■ Prompt: Excluding pictures, retype the line with "Trường Cơ khí" and each line that follows it to the end of the data below, word for word.

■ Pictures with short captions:
-.-.-

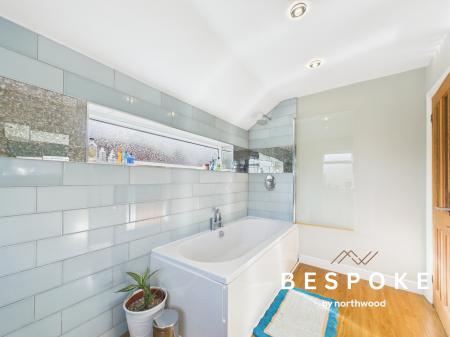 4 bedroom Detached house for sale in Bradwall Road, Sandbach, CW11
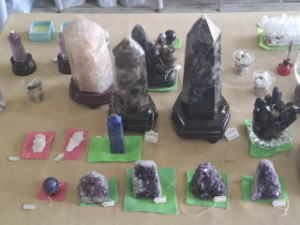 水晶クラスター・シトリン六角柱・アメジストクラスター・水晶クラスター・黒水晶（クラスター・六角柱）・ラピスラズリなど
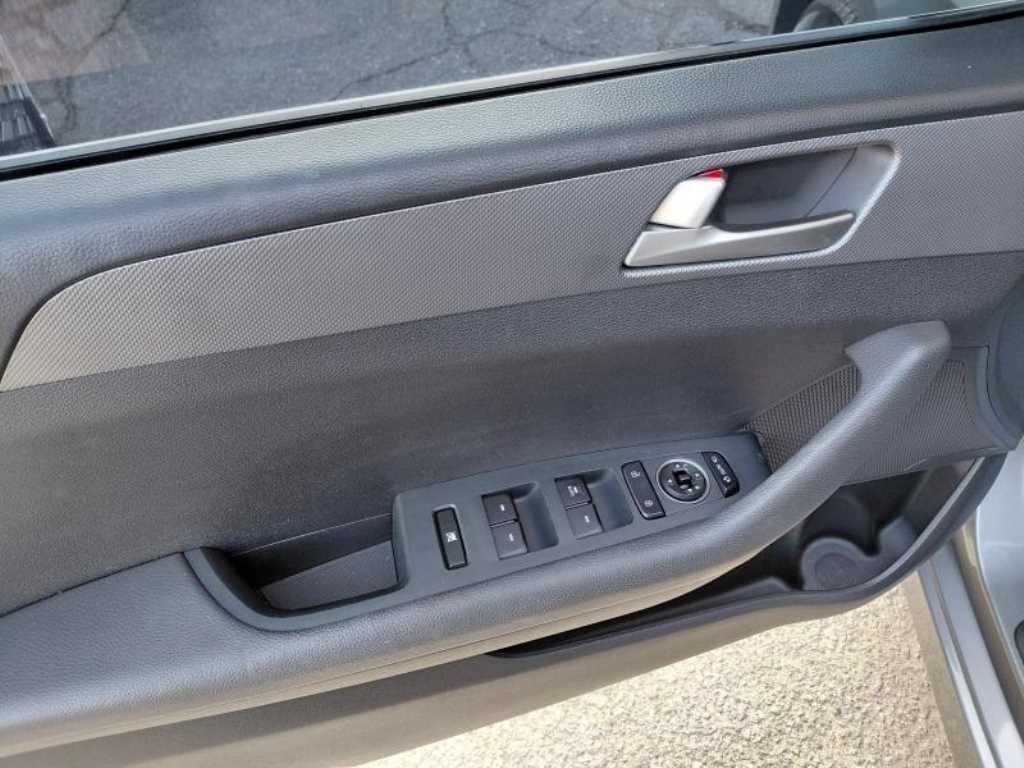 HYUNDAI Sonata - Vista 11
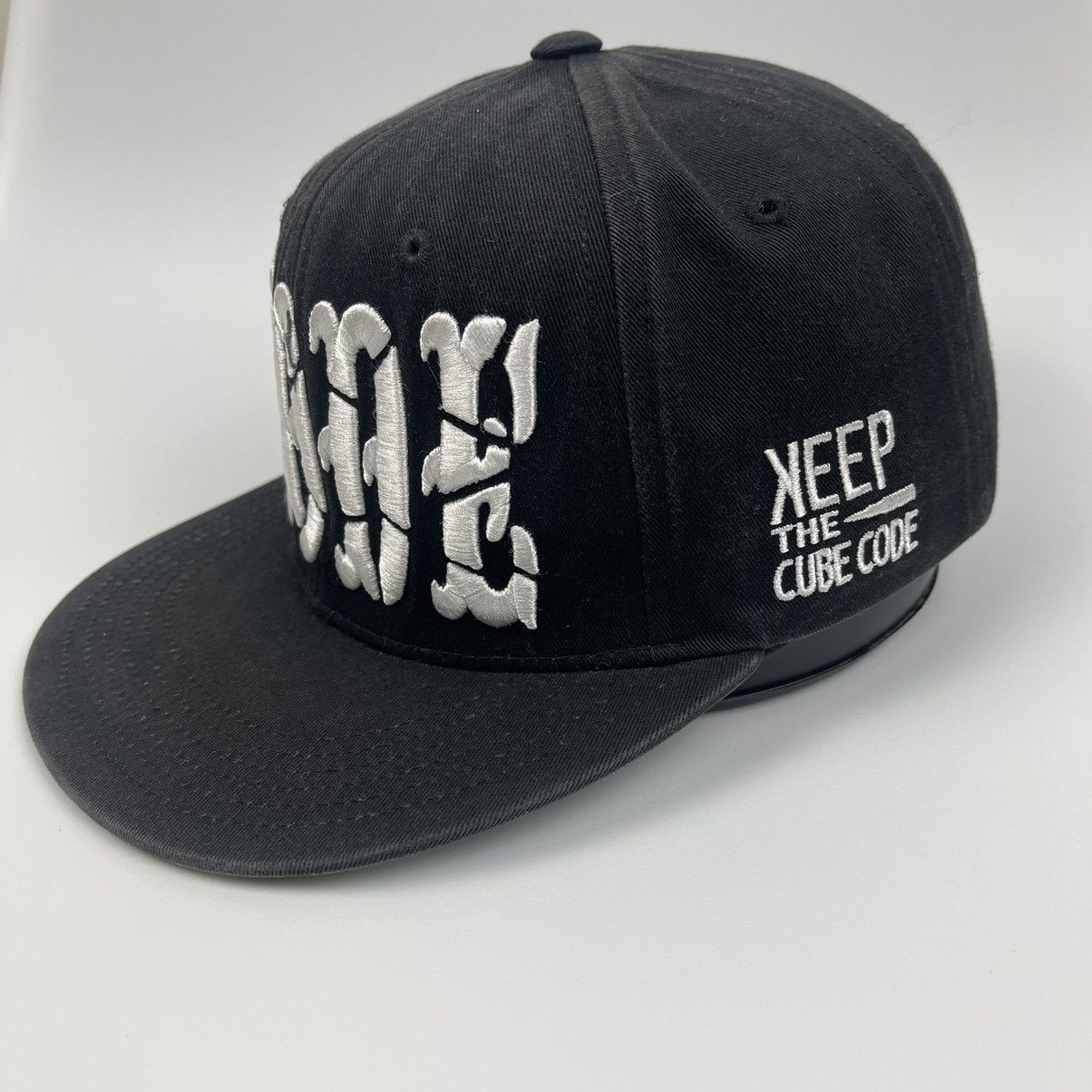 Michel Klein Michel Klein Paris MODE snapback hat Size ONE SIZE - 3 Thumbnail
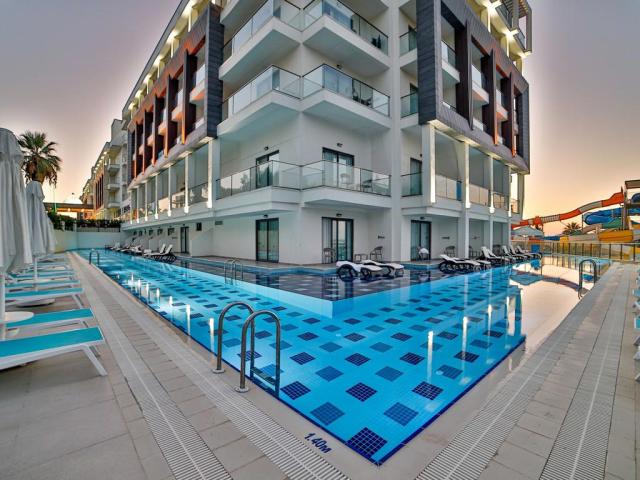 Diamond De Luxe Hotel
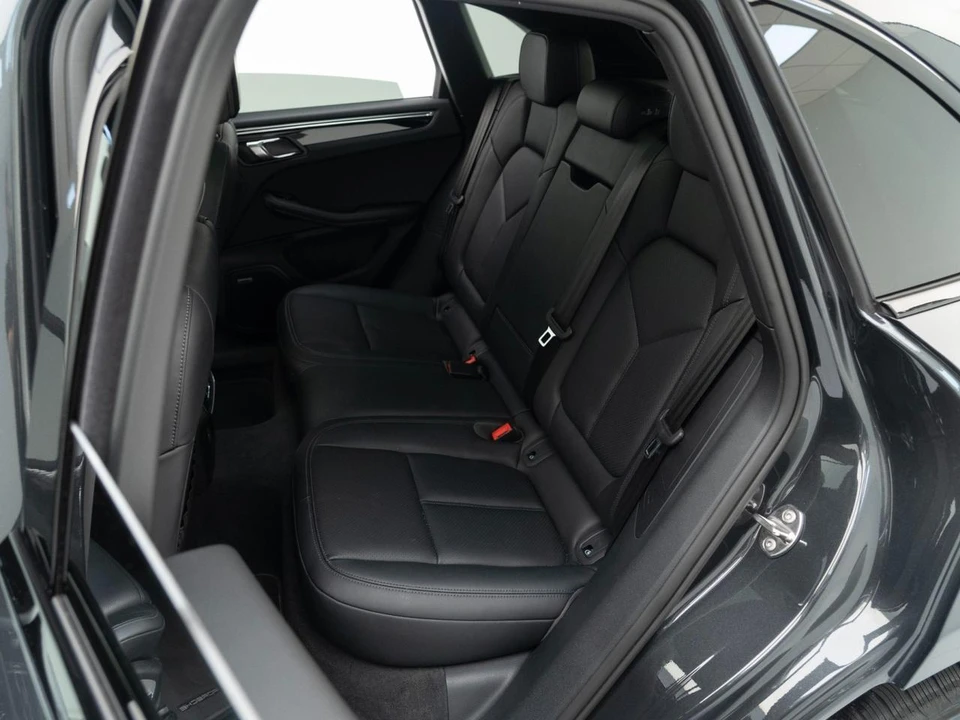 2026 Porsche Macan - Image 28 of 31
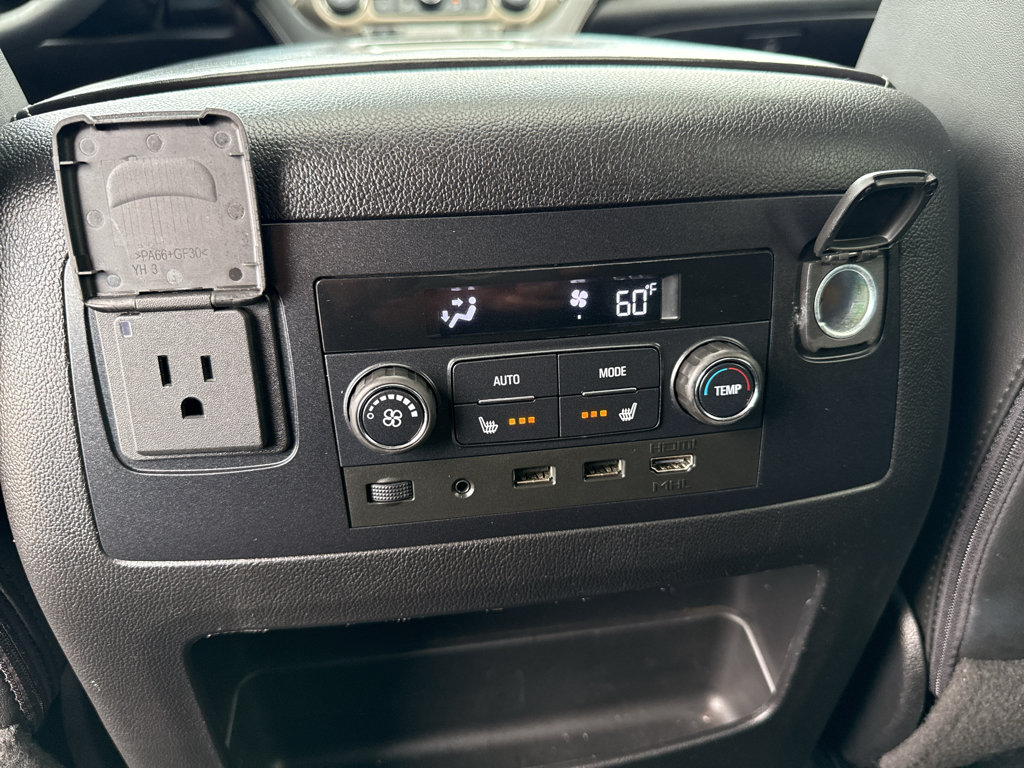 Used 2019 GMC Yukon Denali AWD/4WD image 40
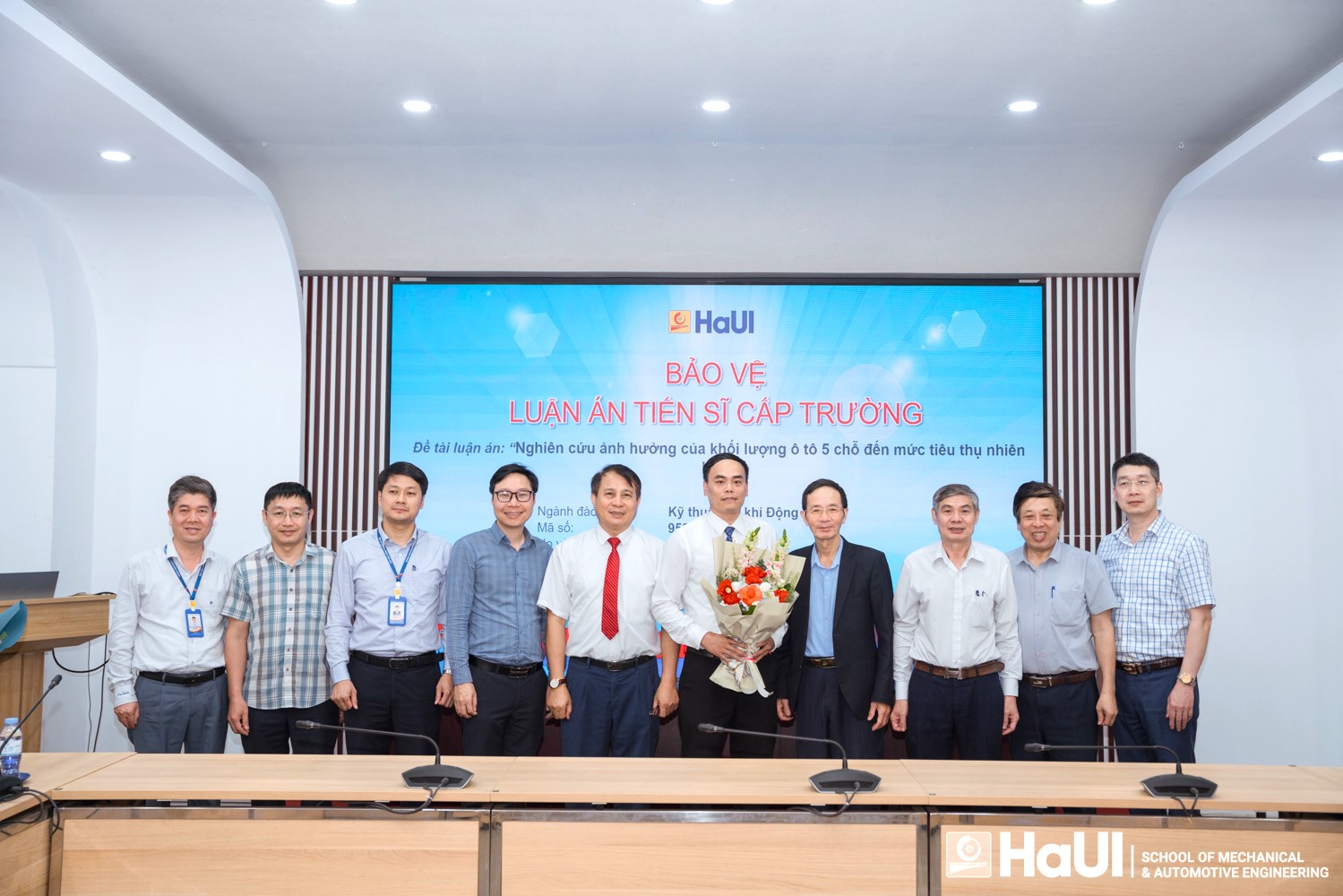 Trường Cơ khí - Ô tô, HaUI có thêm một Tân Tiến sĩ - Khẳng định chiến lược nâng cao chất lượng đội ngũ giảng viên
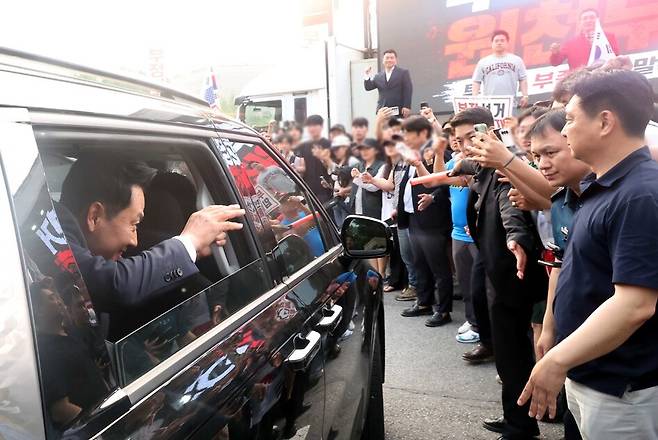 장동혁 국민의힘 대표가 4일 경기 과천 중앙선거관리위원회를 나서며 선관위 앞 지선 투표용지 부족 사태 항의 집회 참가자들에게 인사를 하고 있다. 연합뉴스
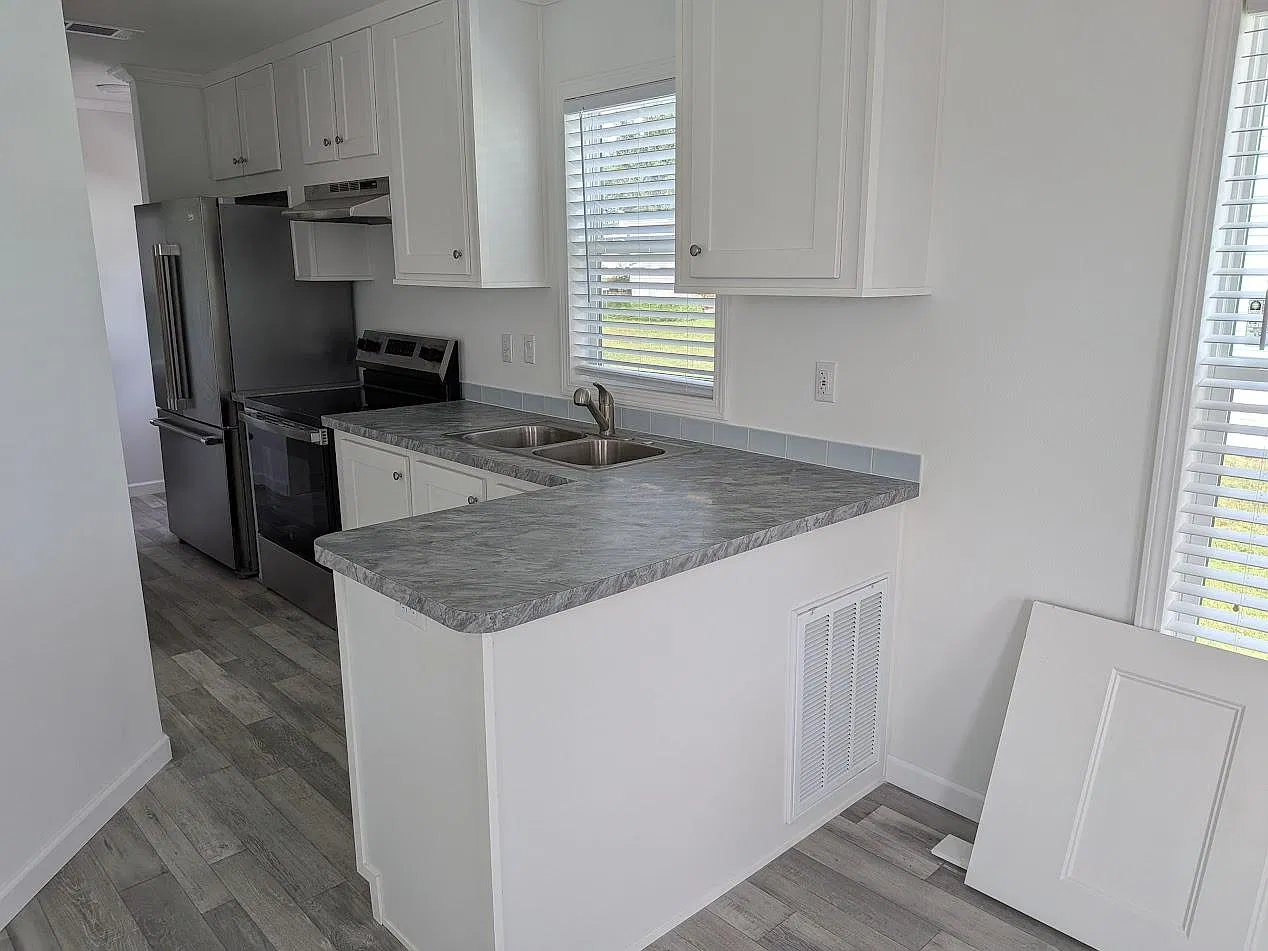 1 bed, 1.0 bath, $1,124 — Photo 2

-.-.-

■ Result below:
 Trường Cơ khí - Ô tô, HaUI có thêm một Tân Tiến sĩ - Khẳng định chiến lược nâng cao chất lượng đội ngũ giảng viên
 장동혁 국민의힘 대표가 4일 경기 과천 중앙선거관리위원회를 나서며 선관위 앞 지선 투표용지 부족 사태 항의 집회 참가자들에게 인사를 하고 있다. 연합뉴스
 1 bed, 1.0 bath, $1,124 — Photo 2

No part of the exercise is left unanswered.